You may recall the “Mechanical Turk” concept introduced by Amazon in 2005 as a crowdsourced marketplace for tasks. The concept is simple: Tasks can be easily done if these are broken down into smaller tasks and distributed to several workers. While limited to mostly tedious and repetitive tasks, there is value in this system, wherein users could earn micro-payments by doing small tasks, while the client is able to accomplish bigger projects faster. The same concept could perhaps be applied with small-project freelancing sites like Fiverr, which started out as a freelancing site for tasks that are paid at least $5 each to accomplish.

Storm Token is the blockchain equivalent of these micro-task platforms. It is a gamified platform for micro-tasks that enables anyone to earn from virtually anywhere and using any device. For instance, users can earn cryptocurrency from doing certain tasks, which may include QA testing, data entry, and other peer-to-peer freelancing tasks.

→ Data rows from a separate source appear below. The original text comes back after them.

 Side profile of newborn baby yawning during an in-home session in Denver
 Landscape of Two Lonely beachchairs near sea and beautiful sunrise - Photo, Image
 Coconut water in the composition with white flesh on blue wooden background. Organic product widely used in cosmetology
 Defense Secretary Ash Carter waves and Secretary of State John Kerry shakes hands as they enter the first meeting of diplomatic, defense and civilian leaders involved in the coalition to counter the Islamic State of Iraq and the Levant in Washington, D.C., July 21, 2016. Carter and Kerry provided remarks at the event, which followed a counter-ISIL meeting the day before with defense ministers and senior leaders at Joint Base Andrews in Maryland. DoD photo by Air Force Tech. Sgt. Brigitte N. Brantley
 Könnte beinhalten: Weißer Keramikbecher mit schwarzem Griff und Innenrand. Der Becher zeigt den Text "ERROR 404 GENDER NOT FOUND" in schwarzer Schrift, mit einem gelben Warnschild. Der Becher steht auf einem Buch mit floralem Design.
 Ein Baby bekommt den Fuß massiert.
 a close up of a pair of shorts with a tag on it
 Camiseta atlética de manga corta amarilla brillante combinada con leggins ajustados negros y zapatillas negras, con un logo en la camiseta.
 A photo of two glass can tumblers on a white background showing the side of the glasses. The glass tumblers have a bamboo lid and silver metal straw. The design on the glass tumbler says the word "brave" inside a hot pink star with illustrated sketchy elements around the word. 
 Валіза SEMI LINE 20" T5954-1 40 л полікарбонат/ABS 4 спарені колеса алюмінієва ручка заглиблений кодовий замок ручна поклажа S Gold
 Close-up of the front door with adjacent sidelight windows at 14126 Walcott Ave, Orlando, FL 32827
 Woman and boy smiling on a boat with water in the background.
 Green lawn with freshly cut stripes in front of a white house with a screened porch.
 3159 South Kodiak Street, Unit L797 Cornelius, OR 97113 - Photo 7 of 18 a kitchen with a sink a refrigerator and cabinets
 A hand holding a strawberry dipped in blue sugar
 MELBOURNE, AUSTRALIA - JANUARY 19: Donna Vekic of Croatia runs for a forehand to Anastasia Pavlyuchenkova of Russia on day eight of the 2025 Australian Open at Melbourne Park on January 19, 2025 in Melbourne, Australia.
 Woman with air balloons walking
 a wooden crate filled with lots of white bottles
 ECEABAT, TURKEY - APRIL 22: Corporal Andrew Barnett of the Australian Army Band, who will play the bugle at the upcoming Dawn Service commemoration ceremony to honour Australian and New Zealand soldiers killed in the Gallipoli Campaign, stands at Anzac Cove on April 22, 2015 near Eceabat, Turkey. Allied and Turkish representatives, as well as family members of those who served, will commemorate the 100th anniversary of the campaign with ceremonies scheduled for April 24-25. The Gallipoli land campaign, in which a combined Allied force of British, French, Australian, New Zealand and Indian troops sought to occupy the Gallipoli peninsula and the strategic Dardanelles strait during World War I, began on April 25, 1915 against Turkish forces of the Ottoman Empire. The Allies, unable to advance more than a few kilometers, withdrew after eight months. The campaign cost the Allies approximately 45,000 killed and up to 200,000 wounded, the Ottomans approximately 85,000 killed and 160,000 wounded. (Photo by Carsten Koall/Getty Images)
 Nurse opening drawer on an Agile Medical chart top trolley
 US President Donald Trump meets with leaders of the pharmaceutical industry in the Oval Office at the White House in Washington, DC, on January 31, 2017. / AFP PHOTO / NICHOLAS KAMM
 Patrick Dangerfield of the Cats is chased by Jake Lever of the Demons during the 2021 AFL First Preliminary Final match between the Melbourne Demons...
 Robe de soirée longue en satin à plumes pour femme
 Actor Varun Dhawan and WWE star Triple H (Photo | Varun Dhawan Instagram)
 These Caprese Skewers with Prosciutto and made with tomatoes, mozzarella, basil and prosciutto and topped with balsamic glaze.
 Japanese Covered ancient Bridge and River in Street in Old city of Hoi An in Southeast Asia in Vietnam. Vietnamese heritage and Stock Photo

Participate in Social Curation

The internet is filled with fake news and that’s no different on social media. The idea of confirmation bias could be amplified due to social networks where users see topics they are interested in, and comment on them, even if they are fake sources.The problem with social networks by far is that most are free, and it can be difficult for good content to stand out from the crowd if we are bombarded by sentiments from just about anyone. The blockchain can solve this by implementing a reward mechanism for active participation. Steemit a project that resembles a Blockchain Reddit, has launched a social network that lets users curate user submissions, thus pushing up only those that they deem to have valid or interesting content.

This is done by sending small amounts of crypto tokens to posts that they deem good — somewhat similar to sending a micropayment for every “like”. This is in contrast to the free “likes” on social networks like Facebook. These can be cheap, but if there is some monetary aspect to voting up a social media post, then each upvote will have some real value attached to it. The creators of Steemit believe this can help solve the fake news and noise issue on social networks. Meanwhile, content creators get rewarded by the crypto value of the “likes” equivalent.


Buy and “hodl” on

This is perhaps the most straightforward means of participating in cryptocurrency growth without having to be too active about it. If you’ve been watching the price of Bitcoin, it has grown significantly in almost a decade of existence. Thus, people who have bought and held on to their cryptocurrency see themselves reaping the rewards of an upsurge in value. Here, the term “hodl” is a running joke, of course – it stemmed from a forum thread wherein the original poster misspelled “hold” with “hodl”. The term has since made its way into common usage, usually referring to how Bitcoin “traders” or “investors” would hold on to the cryptocurrency on a long-term basis to profit from its rise in value, even amid popular opinion that one should sell once the value has peaked.

This is in stark contrast to active “trading” wherein a trader would buy low and sell high, and buy again when there is a dip. In hindsight, those who have held on to their BTC when it was still priced at around $200 each would probably be worth millions today. But an added worry today would be the naysayers, who would warn against trusting the system too much because we might be in a cryptocurrency bubble that could burst at any time.